Chapter 9 of the U.S. Bankruptcy Code provides a legal remedy for insolvent municipalities to "provide adequate municipal services" to residents (In re City of Detroit). Specifically, the provisions permit municipalities to file for bankruptcy and address their fiscal shortcoming through a reorganization plan. Because a municipality provides essential services to its residents, an insolvent municipality cannot sell its assets to satisfy creditor claims through a liquidation (In re City of Stockton). Instead, chapter 9 provides municipalities the ability to adjust their debts through an adjustment plan to "foster the continuance of municipalities rather than their dissolution." (In Re Addison Community Hosp.).
Only municipalities may file bankruptcy under chapter 9, and no other chapter is available to municipalities. The definition of "municipalities" is relatively broad enough to include cities, counties, townships, school districts, and public improvement districts. As noted in In Re County of Orange, the definition also includes public bodies that provide public services paid for by users, not taxpayers– such as bridge, highway, and gas authorities.
Chapter 9 is modeled after chapter 11. Accordingly, the Code protects a municipality from creditors, much like a commercial debtor receives protection in a chapter 11 case. In both proceedings, debtors enjoy an automatic stay. This provision protects debtors from creditors bringing any action against the municipality and grants debtors a "breathing spell" for negotiations on debt readjustment (In Re Addison Community Hosp.). In turn, the municipality has the option–much like chapter 11 debtor–to reach an agreement with its creditors or "cram-down" a readjustment plan in the face of creditor objections. Sections 1129 and 943 specify conditions that the readjustment plan must meet to gain the approval of the bankruptcy court. If the municipality meets these conditions, then the municipality is discharged of its pre-petition debts, minus the debts assumed under the plan.
Nonetheless, chapter 9 differs from chapter 11 in several important respects. Chapter 9 requires municipalities to qualify for chapter 9 protections through eligibility requirements that go beyond those prescribed in chapters 11 and 7. Indeed, a debtor under chapter 11 or 7 only needs some connection to the United States to file for bankruptcy. By contrast, a debtor under chapter 9 must meet five conditions to be eligible.

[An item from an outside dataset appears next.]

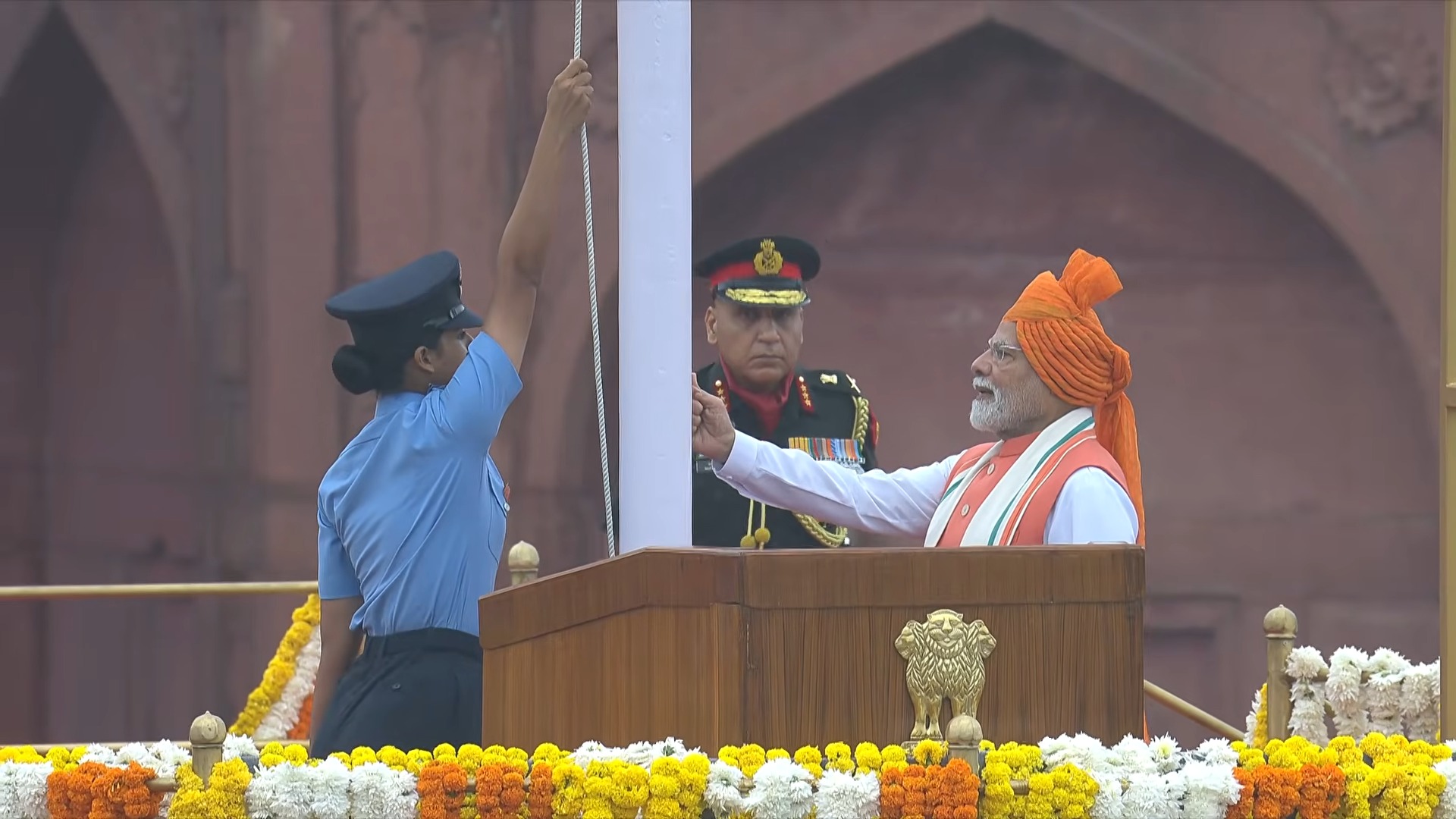 लाल किले से लगातार 12वां भाषण, पीएम मोदी ने तोड़ा इंदिरा गांधी का रिकॉर्ड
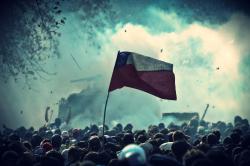 just-killthebeast:  patinar-rayar-luchar:  no soy de rebloguear la bandera chilena, pero esta foto esta buena..  que hermoso ;-;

According to 11 U.S. Code § 109(c): “An entity may be a debtor under chapter 9 of this title if and only if such entity:
- is a municipality;
- is specifically authorized, in its capacity as a municipality or by name, to be a debtor under such chapter by State law, or by a governmental officer or organization empowered by State law to authorize such entity to be a debtor under such chapter;
- is insolvent;
- desires to effect a plan to adjust such debts; and
- has obtained the agreement of creditors holding at least a majority in amount of the claims of each class that such entity intends to impair under a plan in a case under such chapter;
- has negotiated in good faith with creditors and has failed to obtain the agreement of creditors holding at least a majority in amount of the claims of each class that such entity intends to impair under a plan in a case under such chapter;
- is unable to negotiate with creditors because such negotiation is impracticable; or
- reasonably believes that a creditor may attempt to obtain a transfer that is avoidable under section 547 of this title.”
As the court noted in In re City of Bridgeport, the barrier to eligibility is much higher in a chapter 9 case than in alternative bankruptcy proceedings. Courts regularly reject a chapter 9 filing because the municipality cannot meet these threshold requirements. However, the greater powers municipal debtors hold in the proceeding offset the higher thresholds for filing.

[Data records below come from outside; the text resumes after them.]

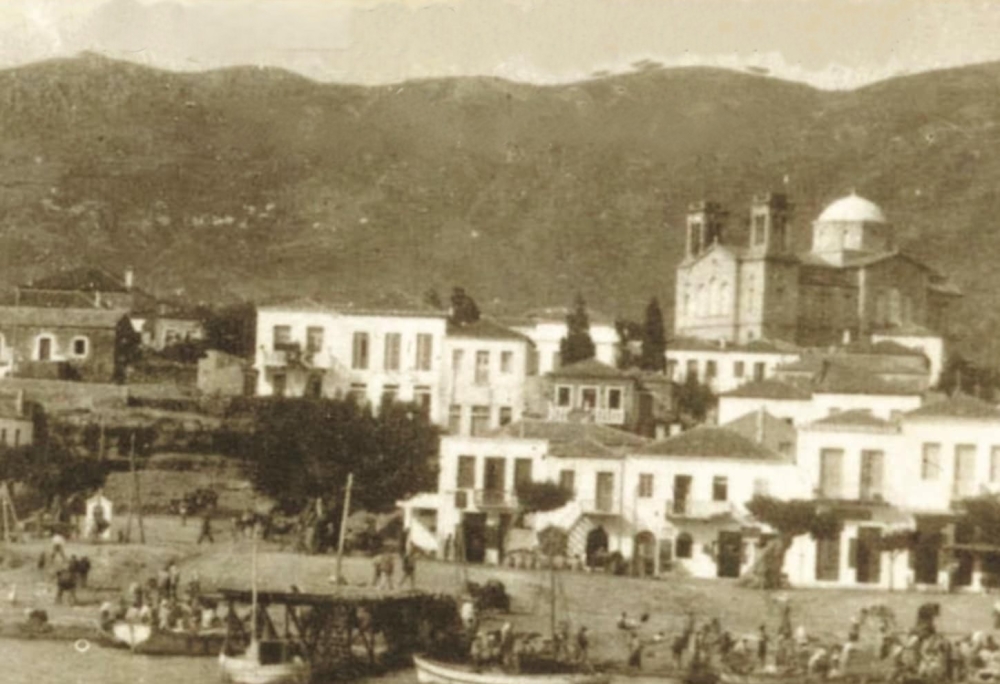 &Delta;&iota;ή&mu;&epsilon;&rho;&omicron; &alpha;&pi;&omicron;&theta;έ&omega;&sigma;&eta;&sigmaf;  &tau;&omega;&nu; &pi;&alpha;&rho;&alpha;&delta;&omicron;&sigma;&iota;&alpha;&kappa;ώ&nu; &chi;&omicron;&rho;ώ&nu; &sigma;&tau;&eta; &Nu;&epsilon;ά&pi;&omicron;&lambda;&eta;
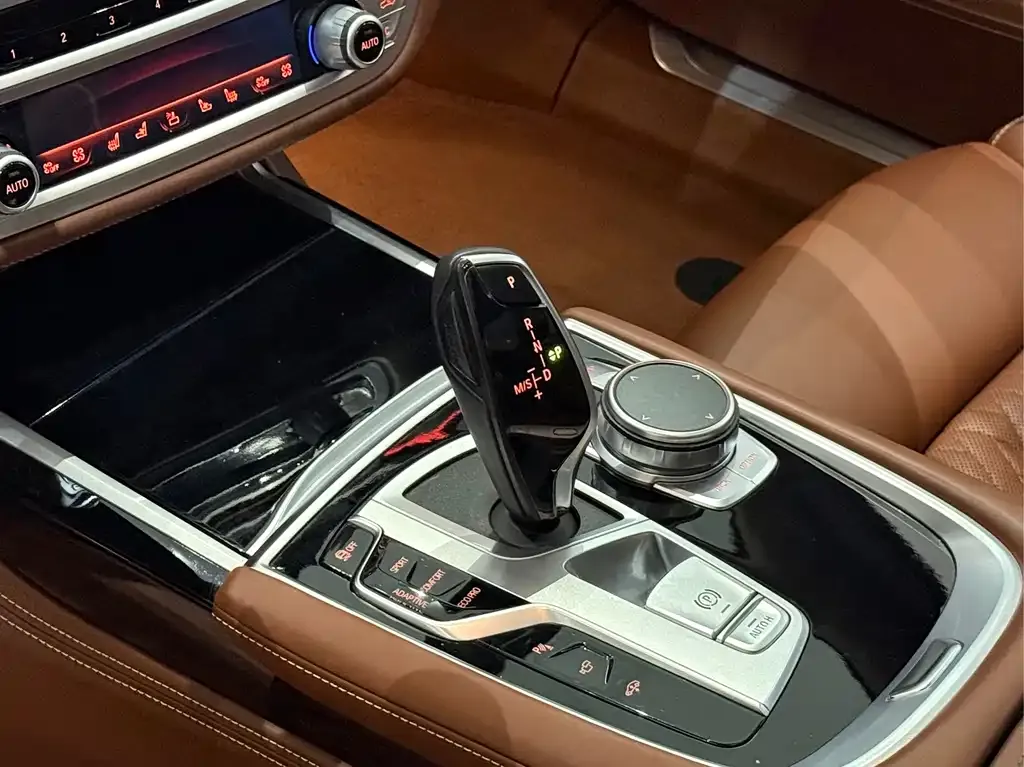 BMW 7 Series — фото 9
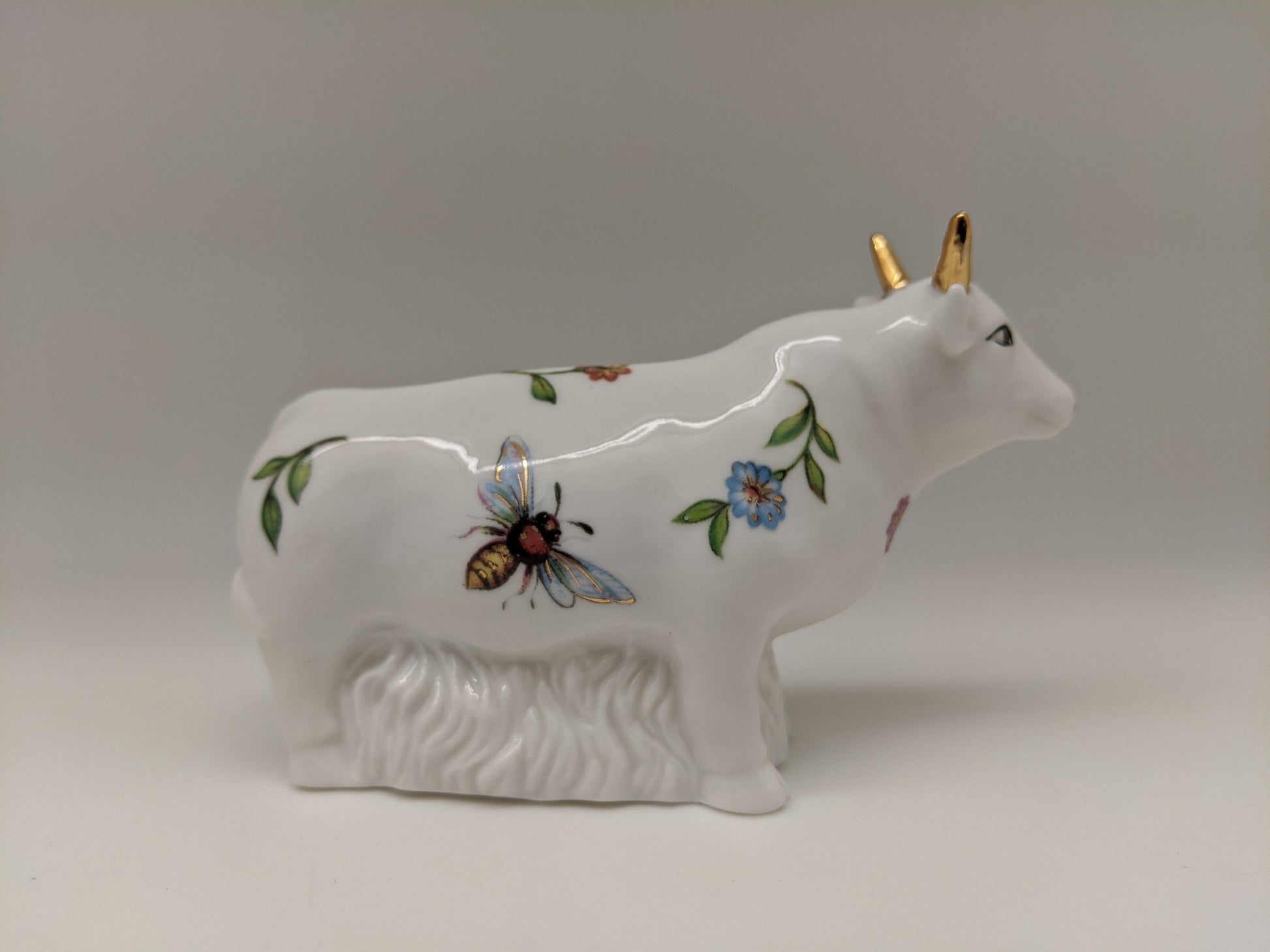 Cow Salt and Pepper Shakers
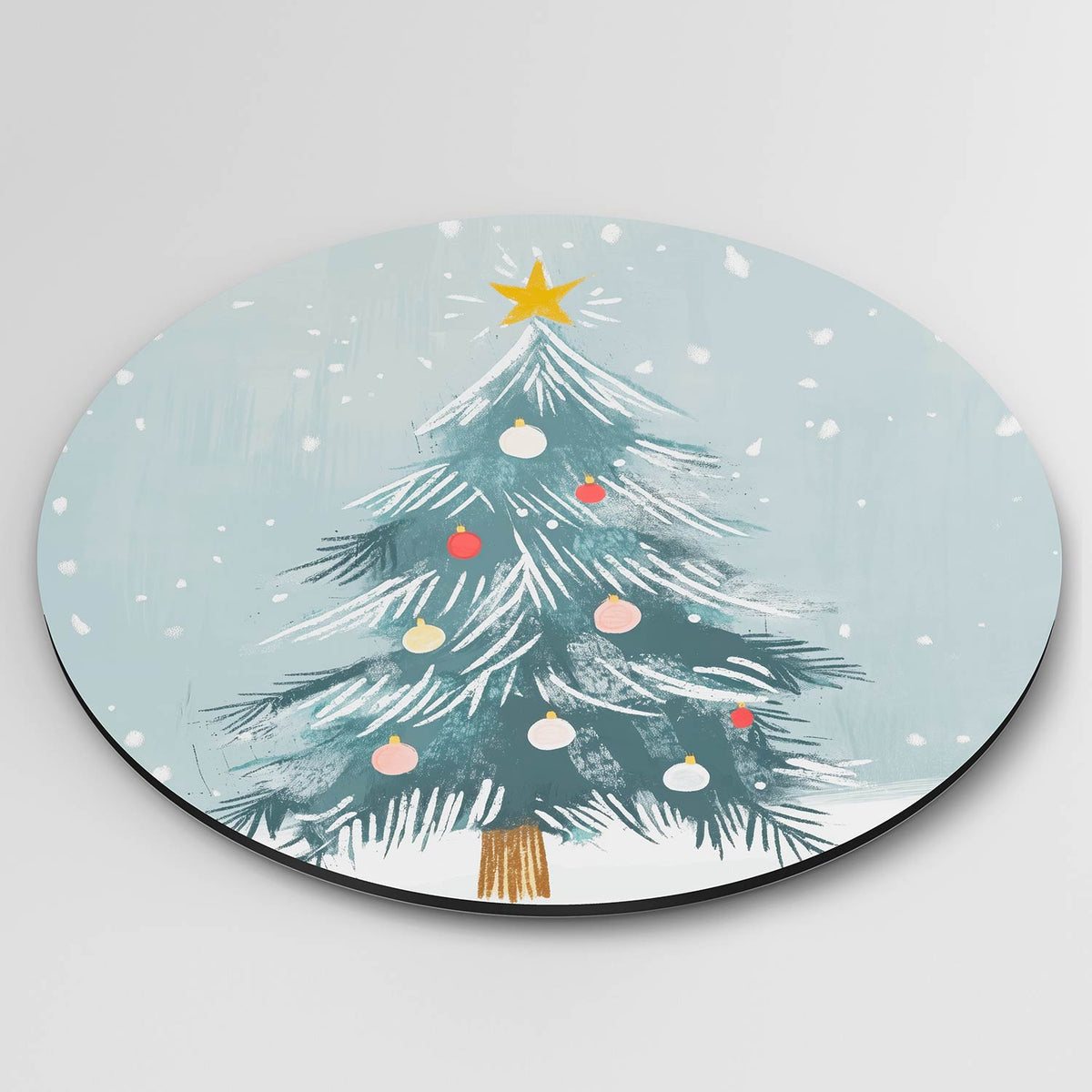 Kerstboom met sneeuw Muurcirkel – detailweergave – Een groene kerstboom met rode, witte en gele ballen tegen een lichtblauwe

Once these threshold prerequisites are met, and the filing is approved, a municipality has more power than a corporate debtor in a chapter 11 case. This power is derivative of federalism concerns embodied in the Tenth Amendment, which forbids the federal government from interfering with the sovereign powers of the states, including the states' powers over their localities. Accordingly, Congress cannot pass laws that limit the states' sovereign control over their local governments. In other words, the Constitution grants municipality debtors greater latitude in the bankruptcy process than their counterparts in chapter 11. For example, under chapter 9, a municipality has exclusive rights to submit debt readjustment plans for confirmation; the exclusivity period is not limited in time, as in chapter 11. Creditors are barred from submitting plans of their own, even if there is a prolonged delay caused by the municipality.

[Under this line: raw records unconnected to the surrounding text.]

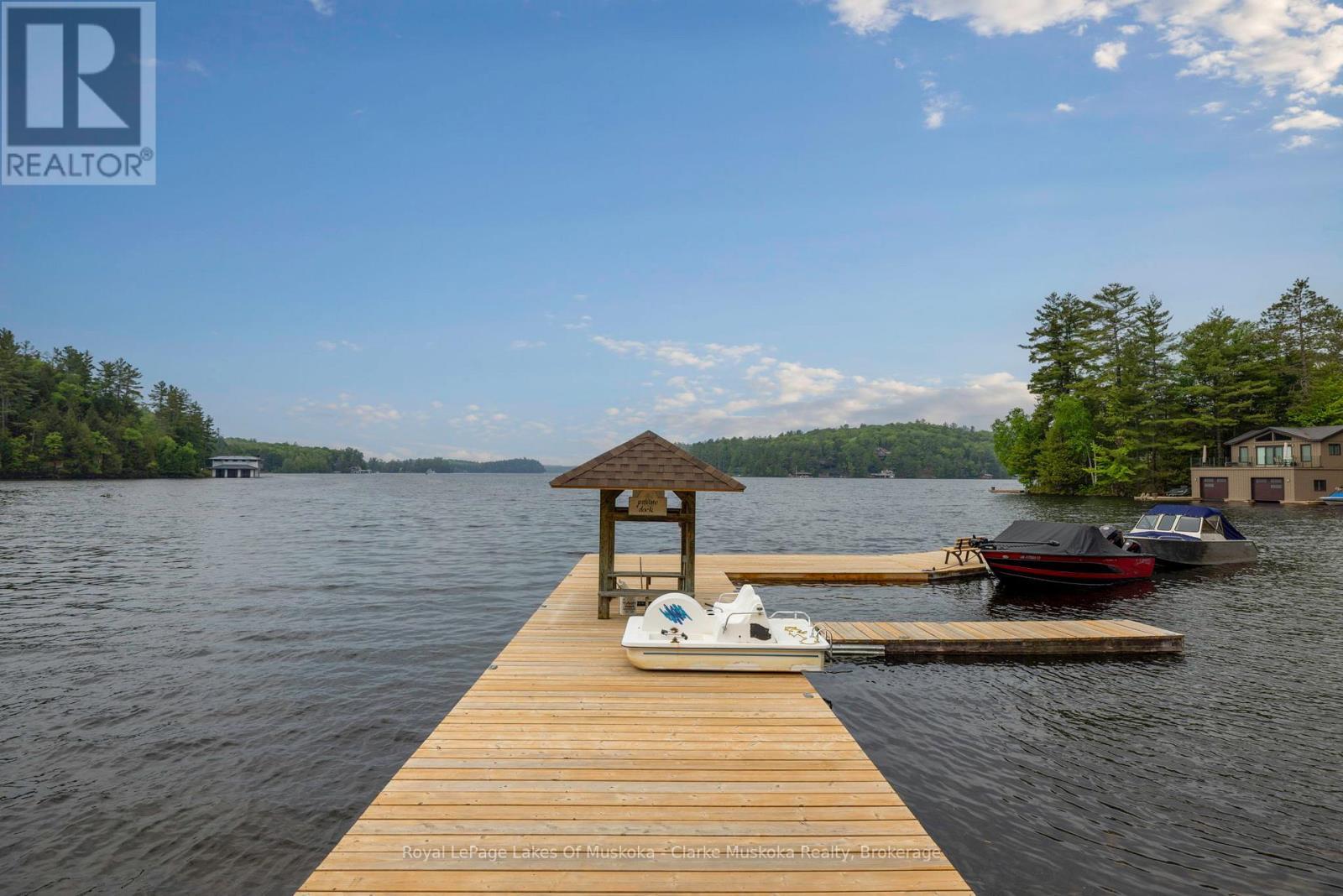 












12 - 3998 HWY 141

,
Muskoka Lakes (Watt),




Ontario
P0C1J0

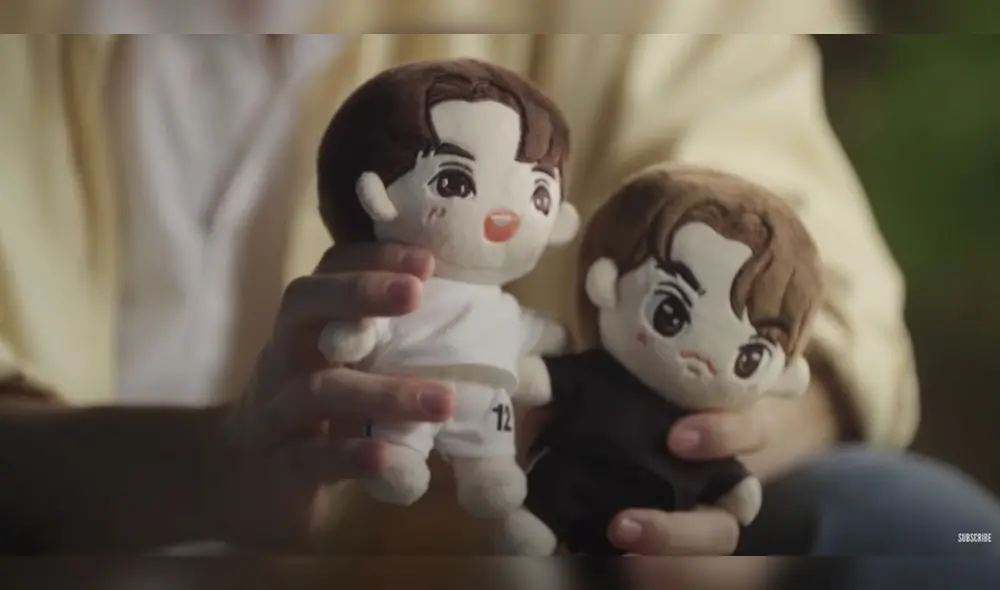 Los muñecos de Bright y Win han causado furor entre la audiencia del drama tailandés. Crédito: captura Still 2gether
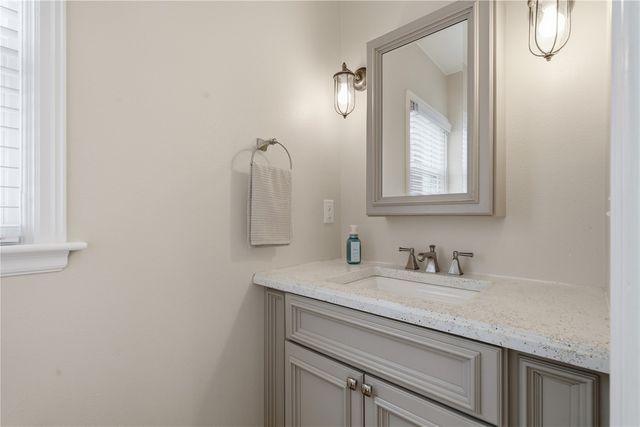 2610 E Avenue NE, Cedar Rapids, IA 52402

Moreover, a trustee is generally not permitted to be appointed for the locality. The municipality continues its operations as a going concern with the same leadership, even if the leadership may impair the creditors' interests. The operations of the municipality are left to the local leaders' complete discretion. Indeed, the bankruptcy court may not interfere with any of the debtor's political or governmental powers, any of the property or revenues of the debtor, or the debtor's use or enjoyment of any income-producing property. In short, the court's hands are tied in guiding the debtor towards rehabilitation.